■ Exercise data
*** Block opens ***
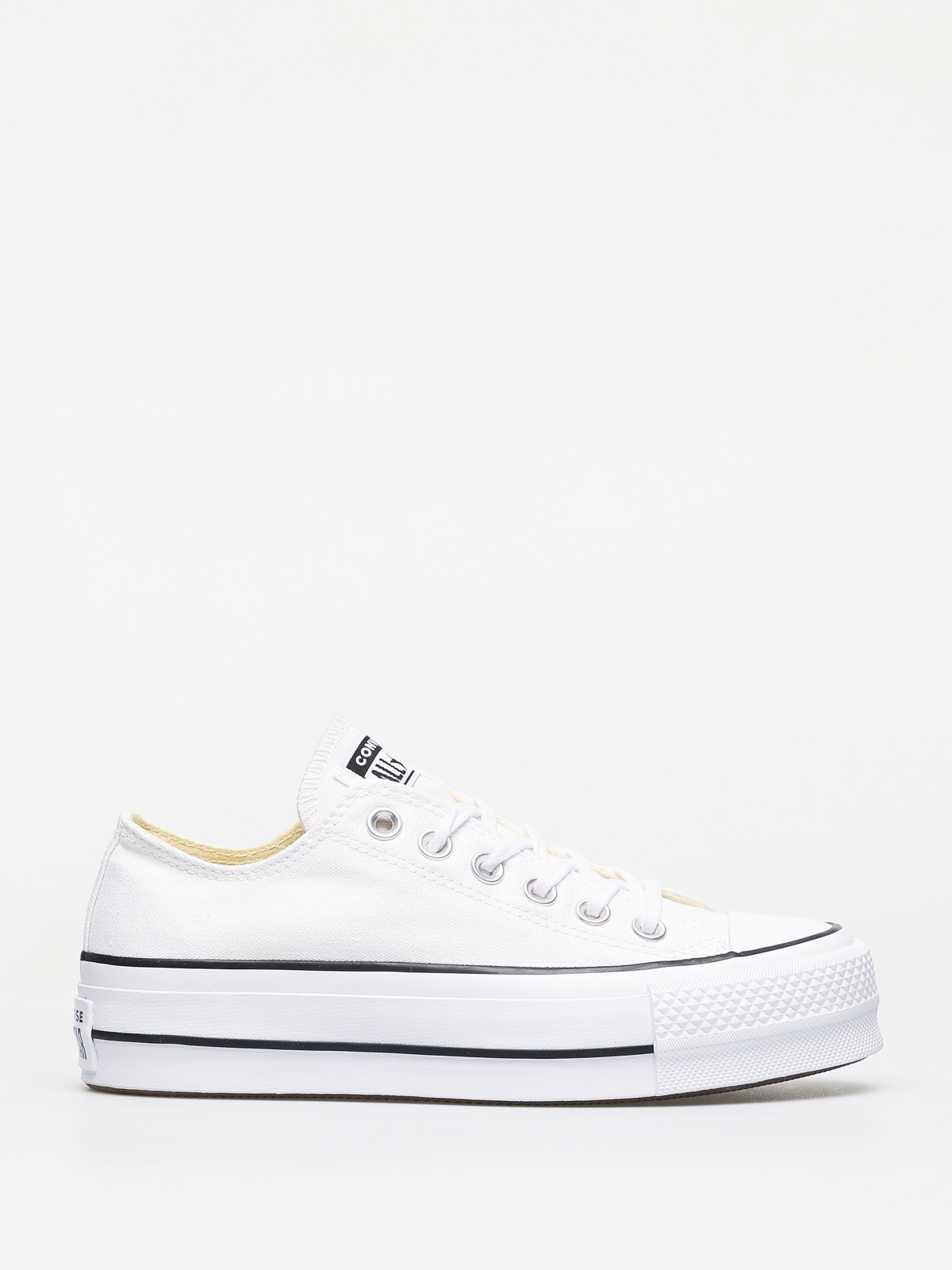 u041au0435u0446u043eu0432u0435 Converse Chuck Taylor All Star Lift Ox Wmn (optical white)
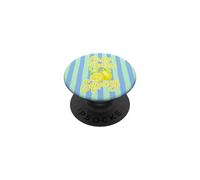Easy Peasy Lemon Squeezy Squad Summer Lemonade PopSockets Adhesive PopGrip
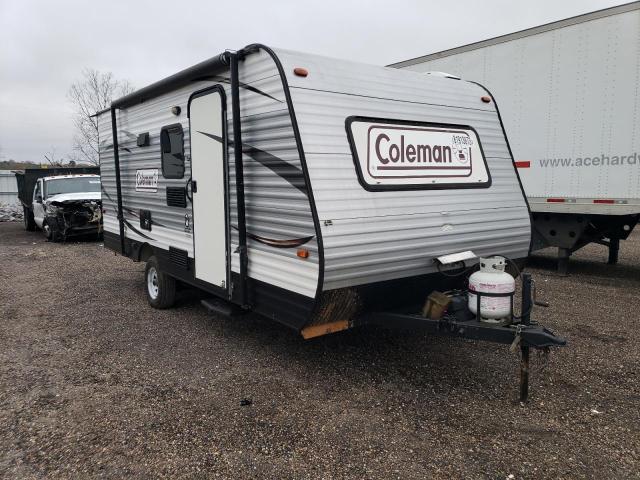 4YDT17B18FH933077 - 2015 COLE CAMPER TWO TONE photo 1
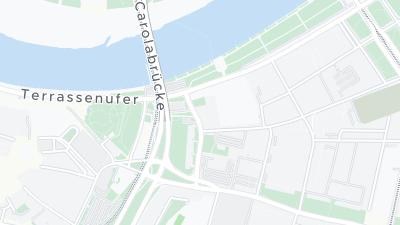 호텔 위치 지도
*** Block closes ***
■ Problem details
Would you write out exactly the lines of the data from the one holding "4YDT17B18FH933077 - 2015" to the final line, both included, with pictures left out?

■ Reply to the exercise
 4YDT17B18FH933077 - 2015 COLE CAMPER TWO TONE photo 1
 호텔 위치 지도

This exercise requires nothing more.